----- Exercise input

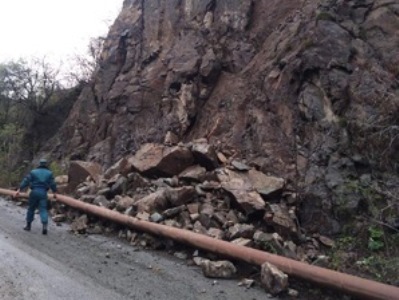 Քարաթափում Ախթալա-Շամլուղ ավտոճանապարհին. ճանապարհը անցանելի է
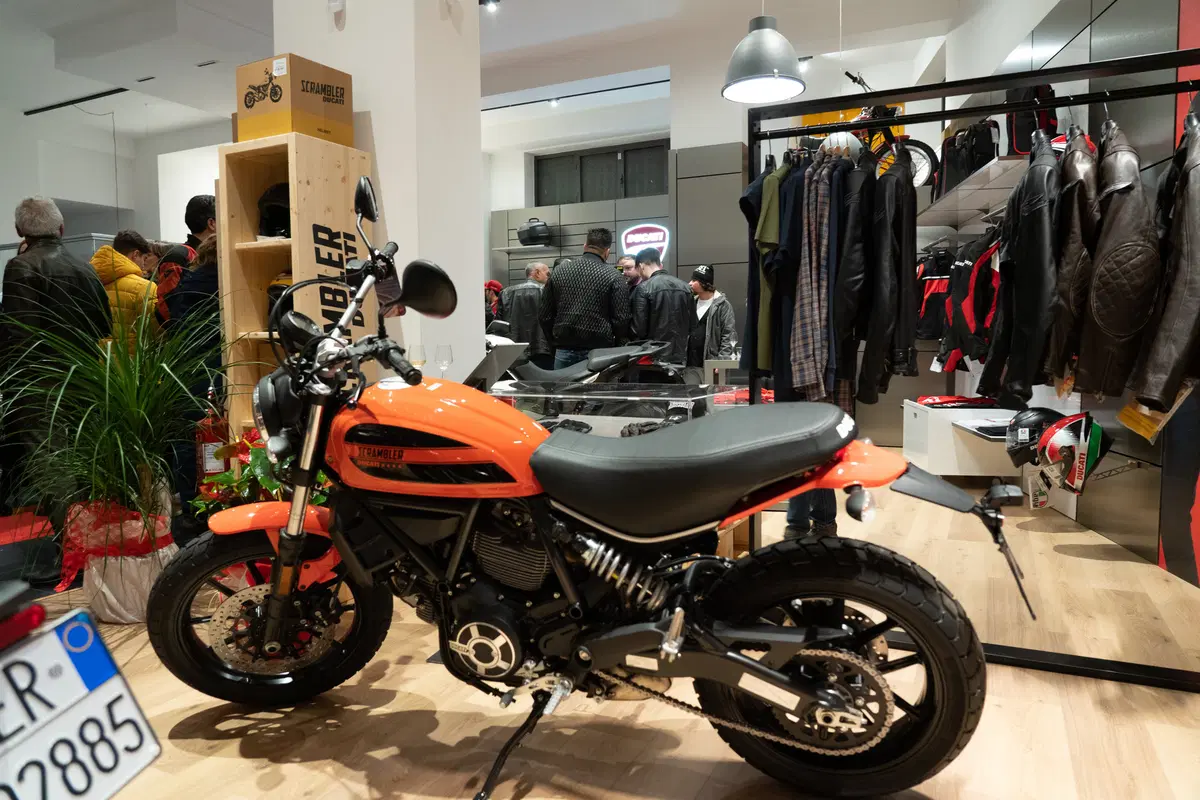 Ducati inaugura un nuovo Store a Catania (13)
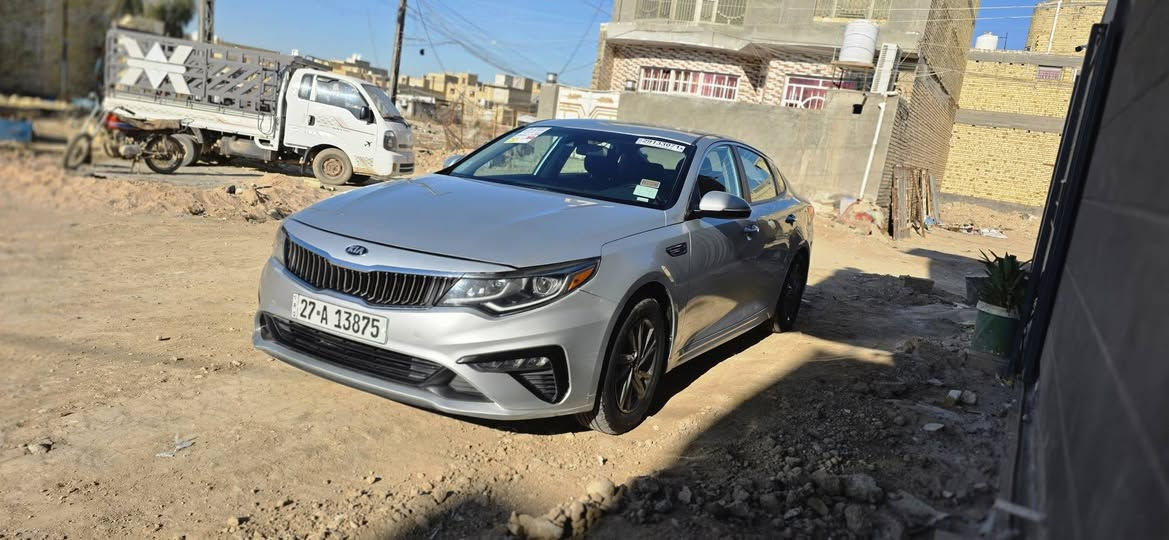 السلام عليكم
كيا اوبتما 2019امريكي
جديده كلش كارتون 
ماشيه 99 ميل 
حداديه شركه  
ولا كلوب مشتغل بالدشبول
مكينه لاتنقيص ولاتبخير شرط
تدفئه 
تبريد ثلج 
ما نقاصه كلشي شرط السياره وضع شركه 
كاميرا خلفيه 
شاشه كبيره
شاشه اعطال 
اشاير بالمري 
السياره بيها دعاميه فقط الباقي كفاله 

السعر 150$ وبيها مجال 

مكان السياره شطره 

***********
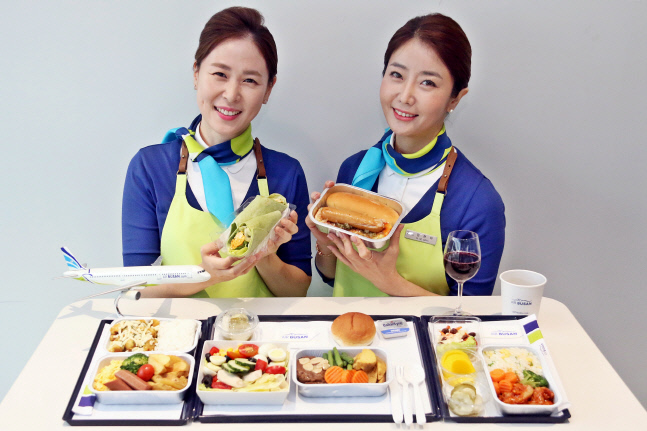 '특색도 있고, 취향도 저격하고' 에어부산, 기내식 개편으로 여행에 새로움을 더한다!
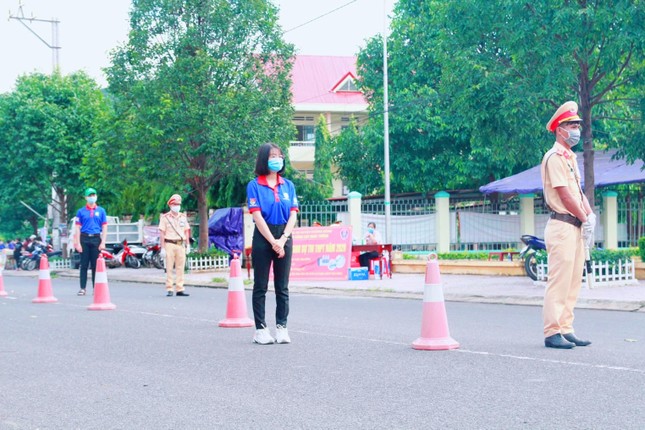 Tuổi trẻ Đắk Lắk trao học bổng tiếp sức thí sinh vượt vũ môn ảnh 1
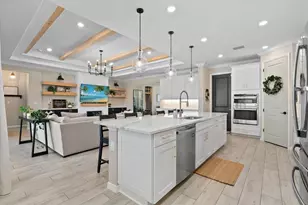 9293 Tequila Sunrise Dr, Sarasota, FL 34241 - Photo 11
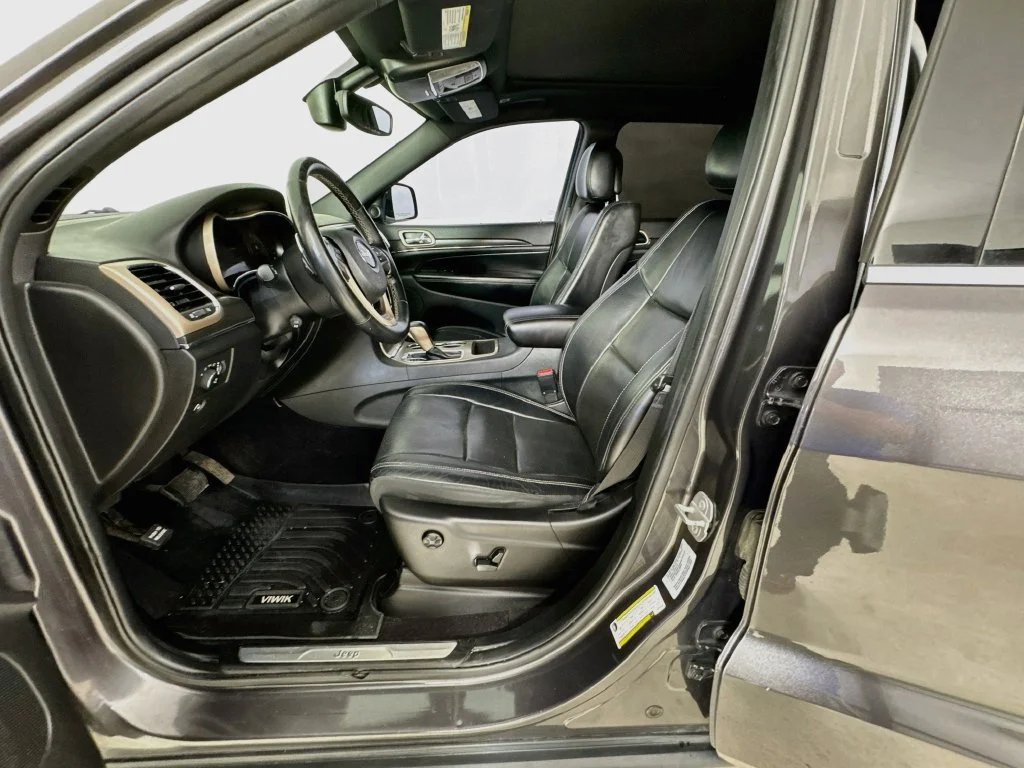 Used 2017 Gray Jeep Limited image 24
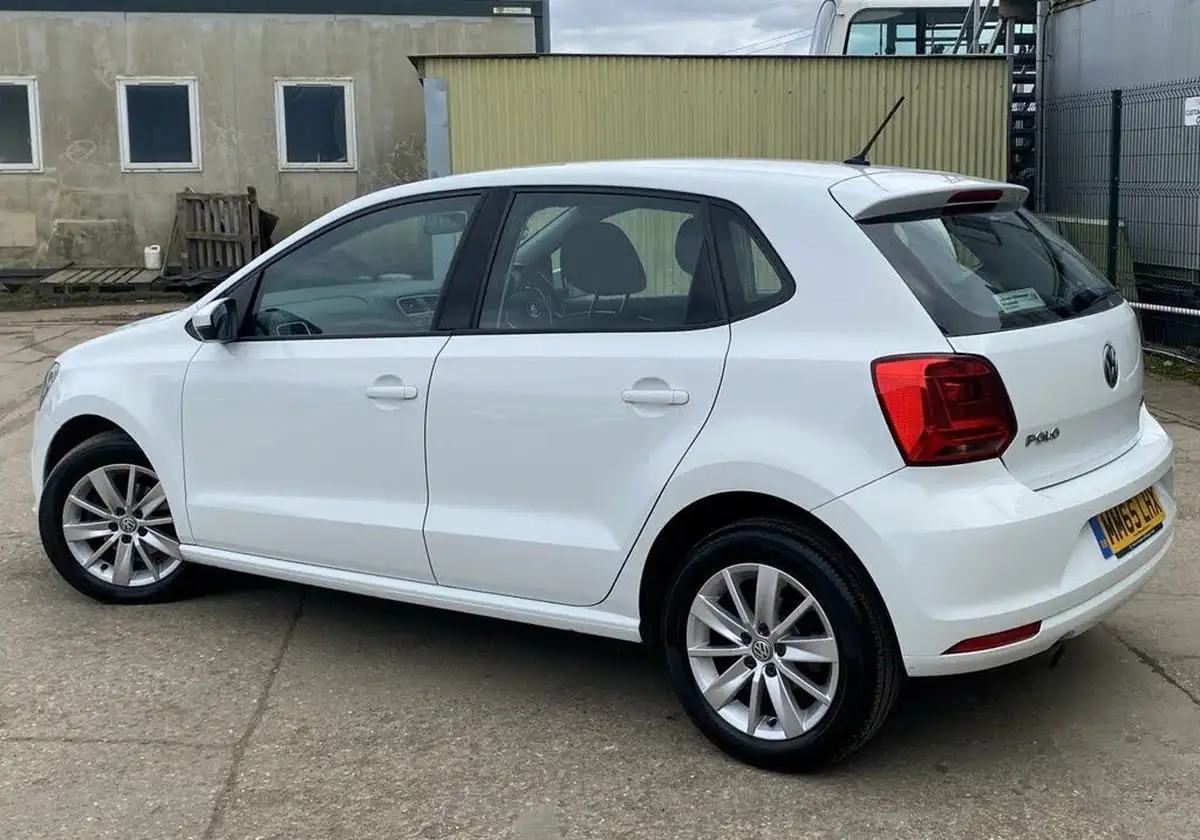 2015-volkswagen-polo-12-tsi-se-5d-big-3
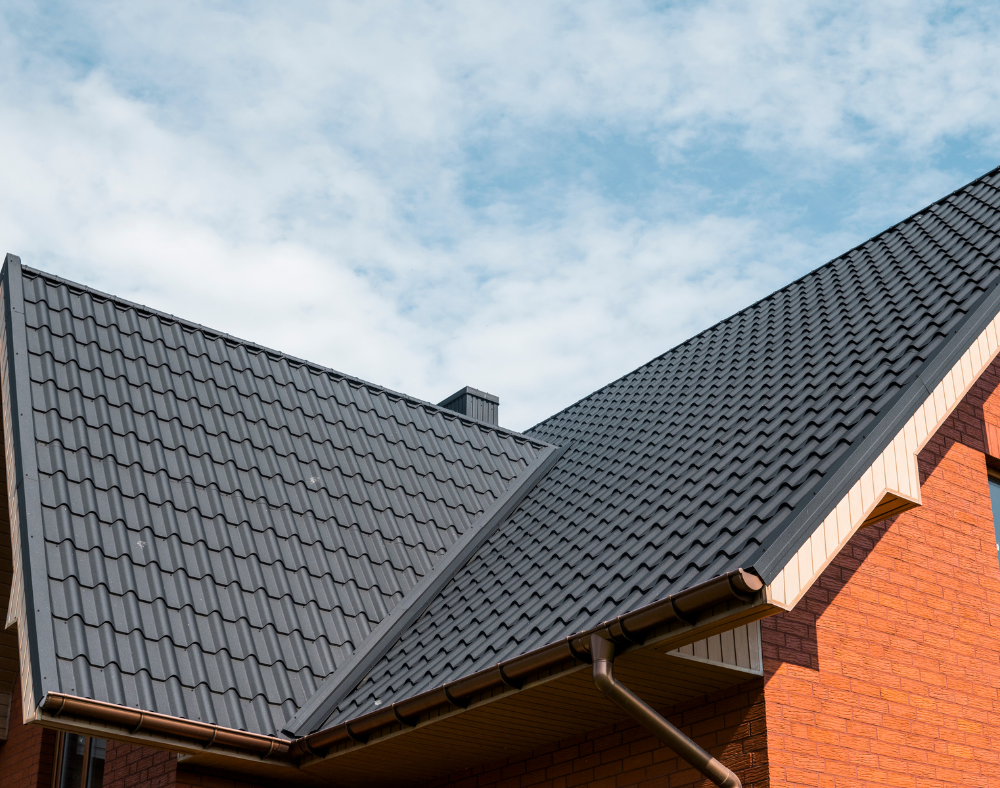 types of roofs, maintenance tips, repair strategies, and the key do’s and don’ts of roofing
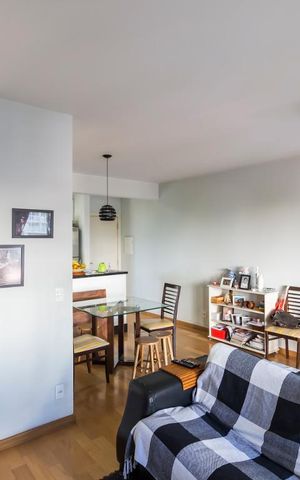 Apartamento à venda com 78m², 2 quartos e 2 vagasSala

----------

### What you need to do
Using only the data above, copy out the lines that include the word "شركه".

### Exercise result
حداديه شركه  
ما نقاصه كلشي شرط السياره وضع شركه 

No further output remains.